The carrier has no relationship to the manufacturer and seldom deals with that party because importers or logistics companies usually take control of the cargo soon after it's made, and arrange for it to be shipped to the U.S.

Forcing the manufacturer to be the shipper would raise a host of problems, which is why the trade community is pleading with Customs to not interpret Trade Act regulations in a way that alters well-established commercial protocols in the name of cargo security.

It would do just that if it requires carriers to report detailed information on foreign manufacturers and suppliers as part of the cargo-manifest data they report electronically before cargo goes aboard a U.S.-bound ship.

No one disputes Customs' legitimate security interest in shipment data, but private-sector critics say Customs is using the wrong tools for the job. Currently, carriers report advance cargo data from manifests and bills of lading through the Automated Manifest System. That is the primary basis for Customs' window of visibility on cargo before it's loaded on ships bound for the U.S.

But executives say that AMS is not set up to provide data on manufacturers and suppliers. Last week, four trade groups petitioned Customs to suspend the portion of the Trade Act's advance-reporting rules pertaining to shippers until all parties can work out a solution. Customs officials did not respond to requests for comment. But representatives of the World Shipping Council, National Industrial Transportation League, National Customs Brokers and Forwarders Association of America, and Retail Industry Leaders Association are confident that Customs will work with them. No one yet knows what the solution will be, but it's apparent that the agency may have to tap resources beyond the manifest and bill of lading to get the data it wants.

The basic question that Customs and the trade must answer is this: Who is the shipper? On Dec. 5, Customs published final rules that will take effect March 5, saying that carriers must identify the "foreign vendor, supplier, manufacturer or other similar party" as the shipper on the bill of lading. Customs screens the data through its Automated Targeting System to determine the shipment's risk level.

The problem is that the foreign manufacturer is not always the shipper. In some industries, such as chemicals, it often is. In others, such as retail, the shipper is rarely the manufacturer because of the widespread use of contract manufacturing. If a consolidator, trading company, forwarder or shippers' association contracts with a carrier to move a container, as it often does in today's business environment, it is legally the shipper, said Carol Fuchs, an attorney with Katten Muchin Zavis Rosenberg in Washington and a member of Customs' commercial operations advisory committee, known as COAC. That implies a host of legal obligations on the shipper and carrier arising from the bill of lading - the contract of carriage.

"The shipper has been the 'party contracting for carriage.' That's the way the shipper is defined internationally," she said. By identifying the manufacturer or supplier as the shipper, Customs could, in effect, be making the manufacturer a party to the transportation contract, when in reality it's not even remotely involved in many cases.

"Neither NVO or VO (vessel operator) bill of lading gets you to where Customs wants to go, said Chris Koch, president of the World Shipping Council. "Ocean carriers would have no idea whether or not the information is true." He said carriers have no way of verifying the information they receive about foreign manufacturers.

Carriers also are nervous about their liability exposure, Koch said.
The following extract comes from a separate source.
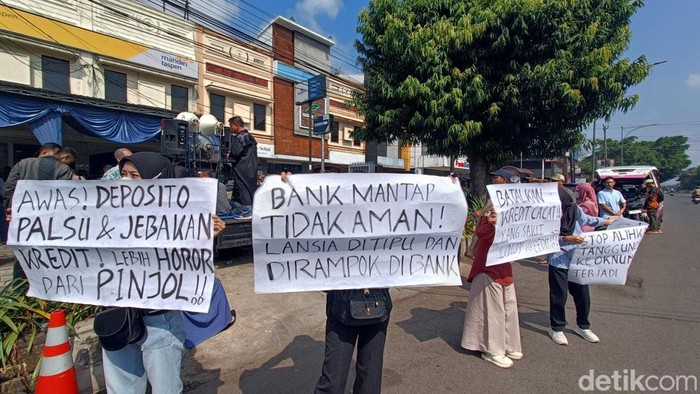 Sejumlah pensiunan menggelar aksi di halaman kantor Mandiri Taspen Purwokerto, Banyumas, Jumat (26/6/2026).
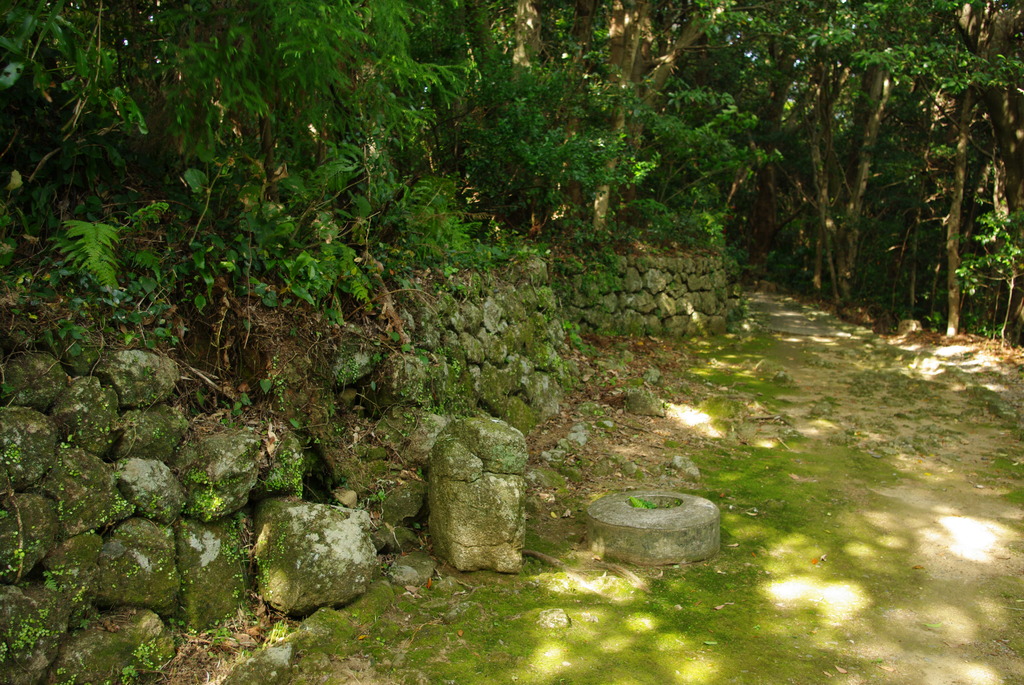 古道の石垣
Adding manufacturers to the bill of lading means the manufacturer can legally make a damage claim against the carrier, even if they have no legal interest in the goods.
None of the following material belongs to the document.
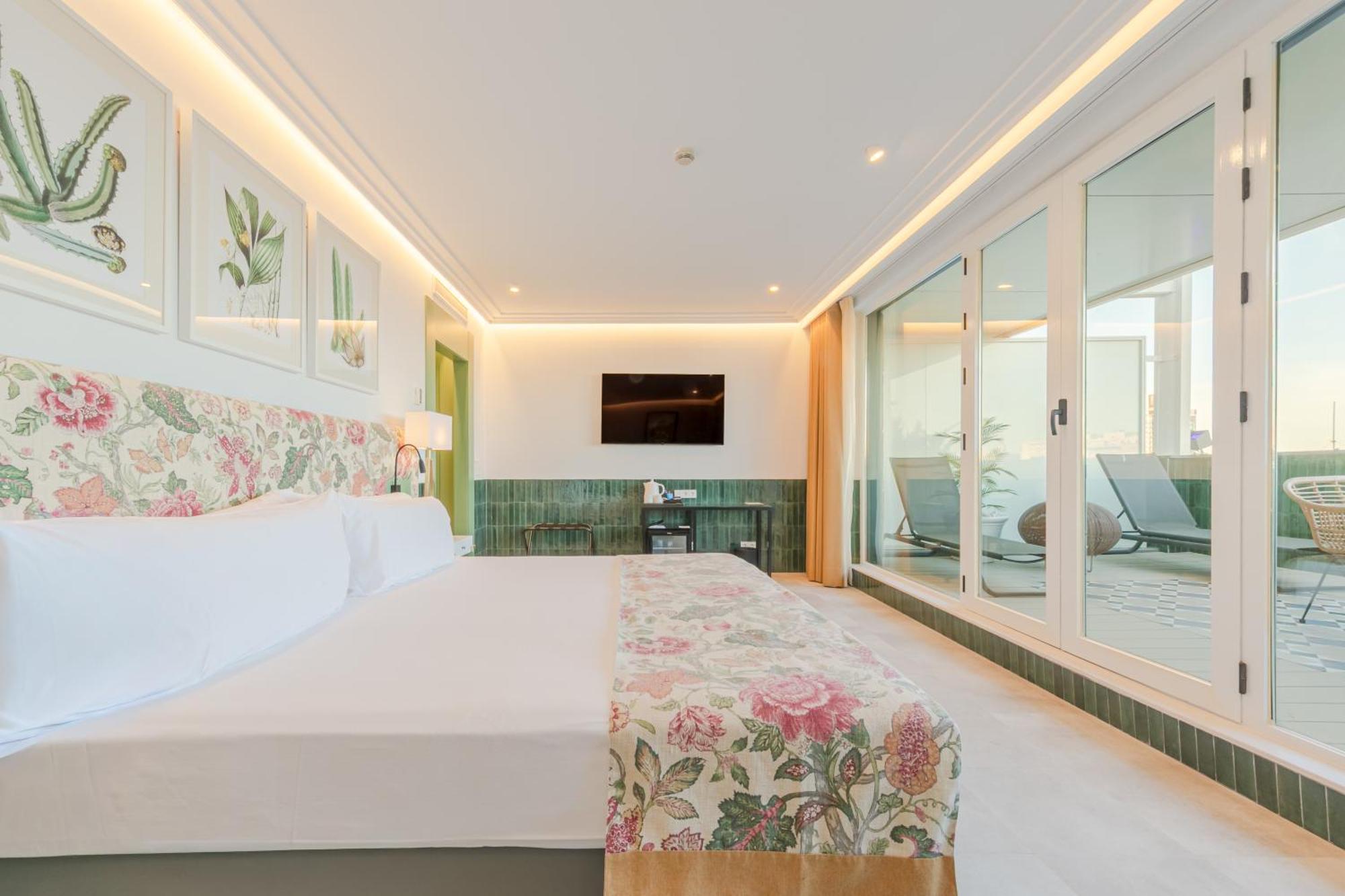 Superior Room Terrace Street View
In their petition to Customs, the four trade groups noted that bestowing legal rights on the new "shipper" would remove the real shipper - the party from whom the carrier receives the cargo - from coverage under the Carriage of Goods by Sea Act and similar liability laws in other countries. "This is the case because the bill of lading is the touchstone for applicability of COGSA," the petition said. "Allocation of risk through limitation of liability is a major factor in setting transportation rates and obtaining insurance coverage."

Ironically, the petition notes, naming the foreign supplier as the shipper could undermine Customs security efforts - the whole reason it's interested in the information in the first place. Naming the foreign supplier as the shipper renders the actual tenderer of the cargo invisible to Customs' screening and targeting systems. The Advanced Targeting System screens the data on the manifest, but the new rules would prohibit listing a consolidator or forwarder as the shipper. In effect, Customs would be plugging one security hole, but opening another.

Koch and Peter Gatti, the NIT League's executive vice president, said that Customs already receives detailed information on foreign suppliers - at a later time and through a different channel. "That's entry data, not transportation data," Koch said.

"The bill of lading is not the best means," Gatti said, "but it's what's available to the trade."

That raises a question central to the post-Sept. 11 security debate, which is how best to get cargo information into the hands of Customs, where it can be used for security screening. The manifest emerged as the best option because a change in procedure could be effected quickly, through the 24-hour rule and the subsequent Trade Act. But supplier information is a different animal. What Customs wants to know about foreign suppliers, it's getting already in the importer's invoice. Historically, an importer or broker files an entry within five days after Customs releases the cargo. Entry data goes to Customs through the Automated Broker Interface (ABI). Like AMS, it's a component of Customs' 20-year-old Automated Commercial System that will be replaced within the next three years by ACE, the Automated Commercial Environment. ACE, some believe, provides unexploited opportunities.

Koch said if Customs could make rules to advance the reporting of cargo manifest data, why couldn't it require entry data in advance? The four petitioners make their case by citing the 2002 Trade Act, the law that calls for advance electronic data reporting. Congress told Customs, when it was drafting its rules, "the requirement to provide particular information shall be imposed on the party most likely to have direct knowledge of that information."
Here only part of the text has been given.